Hugh Macbeth

Name Hugh Ellwood Macbeth, Sr.
Born 1884
Died 1956
Birth Location Charleston, SC

Hugh Ellwood Macbeth, Sr. (1884-1956), (sometimes written MacBeth or McBeth), a black attorney active in Los Angeles and the leader of California's Race Relations Commission, was an outstanding wartime defender of Japanese Americans. In speeches, lobbying, investigatory reports, and lawsuits, he challenged official discrimination.

Early Career

Born in Charleston, South Carolina, Hugh Macbeth was the son of pioneering African American photographer Arthur Macbeth. After graduating from Fisk University, he earned a law degree from Harvard University in 1909. Macbeth lived in Baltimore for approximately five years and became founding editor of the newspaper The Baltimore Times .

In 1913, Macbeth moved to Los Angeles, California and opened a law office. Over the following decades, Macbeth's firm represented African American litigants and criminal defendants, including such notable clients as jazz great Jelly Roll Morton. Macbeth pressed numerous cases challenging segregation laws and restrictive housing covenants. In 1936, he was appointed resident consul for the Republic of Liberia. However, he also represented white clients (including John Hunt, a white disciple of the religious leader Father Divine). Macbeth likewise engaged in outside activism.  Following World War I, he struggled unsuccessfully to build a colony in Mexico for black emigrants. In 1934 he was named general counsel for the Utopian Society, a largely-white economic reform group that claimed 600,000 members. In 1938, Governor Frank Merriam created the California Race Relations Commission. Macbeth was named executive secretary and sole black commissioner.
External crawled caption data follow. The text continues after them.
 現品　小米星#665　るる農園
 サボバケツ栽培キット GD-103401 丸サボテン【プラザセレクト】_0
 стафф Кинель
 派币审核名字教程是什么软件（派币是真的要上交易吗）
Japanese Americans and World War II

While Macbeth lived in a largely Japanese area of Los Angeles and knew many Issei and Nisei , it was not until the aftermath of Pearl Harbor that he focused on supporting Japanese Americans. In the first week of January 1942, Macbeth travelled to Guadalupe and Santa Barbara, California to investigate the cases of Issei who had been rounded up and interned by the Justice Department during December 1941. Following interviews with the internees' families, he discovered that all those taken were prosperous truck farmers with large families and that none was suspected of sabotage. He swiftly came to the conclusion that the charges were trumped up by white agricultural interests anxious to grab the Issei’s land.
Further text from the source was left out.